Hydrographic data is civilian-defense agnostic. This means that it can be used for both civilian and military purposes. The eastern Indian Ocean is likely to be of particular interest to the Chinese Navy as they expand their submarine capabilities. The data from these surveys may help submarines navigate, or improve their chances of remaining undetected.
Four of China’s Xiang Yang Hong (‘Facing the Red Sun’) research ships have been particularly active over the past two years. They are operated by the State Oceanic Administration. These ships are all relatively new, being built in the last decade. This underscores the importance that China is placing on its survey ship fleet.
Two of the ships, the Xiang Yang Hong-01 and -16 have been conducting a very thorough search pattern over the Ninetyeast Ridge, an underwater mountain range with cuts across the Indian Ocean. Their disciplined racetrack patterns are indicative of mapping the seabed. For this they would tow a high-resolution side-scan sonar. Between them, these ships have made multiple trips with each starting where the other finished.
The reason for focusing on the Ninetyeast Ridge is unconfirmed, but it may particularly significant for submarine operations. It creates an almost uninterrupted chain of shallow water across the ocean where submarines may be liable to detection.
Some of the survey activities, nearer to Indonesia and the Andaman and Nicobar islands, may relate to finding the US Navy’s reputed ‘fish hook’ sensor networks. These are designed to track Chinese submarines entering the Indian Ocean. Naturally this cannot be confirmed.
In December 2019 one of the ships, the Xiang Yang Hong 06, deployed at least 12 underwater gliders in the Indian Ocean. These long-endurance uncrewed underwater vehicles (UUVs) gather data on currents and the water properties. Like the seabed mapping, the data is civilian-defense agnostic, and particularly relevant to submarine warfare.

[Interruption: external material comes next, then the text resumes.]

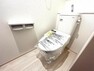 トイレ 快適に使用できる温水洗浄便座付きトイレです。1階2階それぞれにトイレがあります。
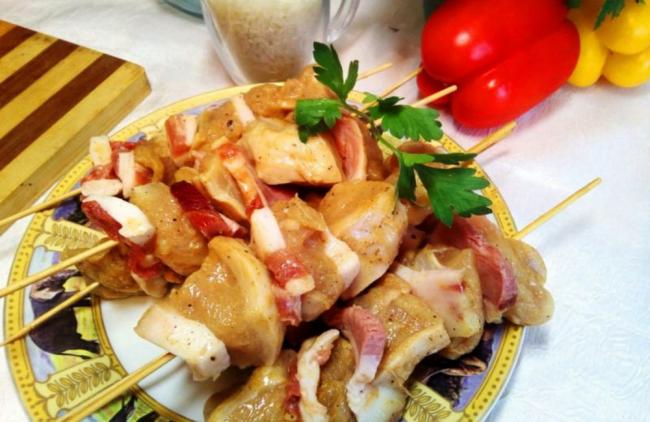 Бычьи яйца с беконом Бычьи яйца с беконом на шпажках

The gliders deployed were Sea Wing (Haiyi) type. This is the exact same model which has been turning up in Indonesian waters. This raises the possibility that as well as the Xiang Yang Hong 06, other Chinese ships may be deploying the gliders. It is difficult to determine the launch point for the gliders found in Indonesian waters. But it is not a great leap to suggest that China has deployed more in the Eastern Indian Ocean.
The Xiang Yang Hong 03’s current voyage will be watched closely. Defense analysts have already been focusing on China’s growing survey ship fleet, looking for clues to future capabilities and plans.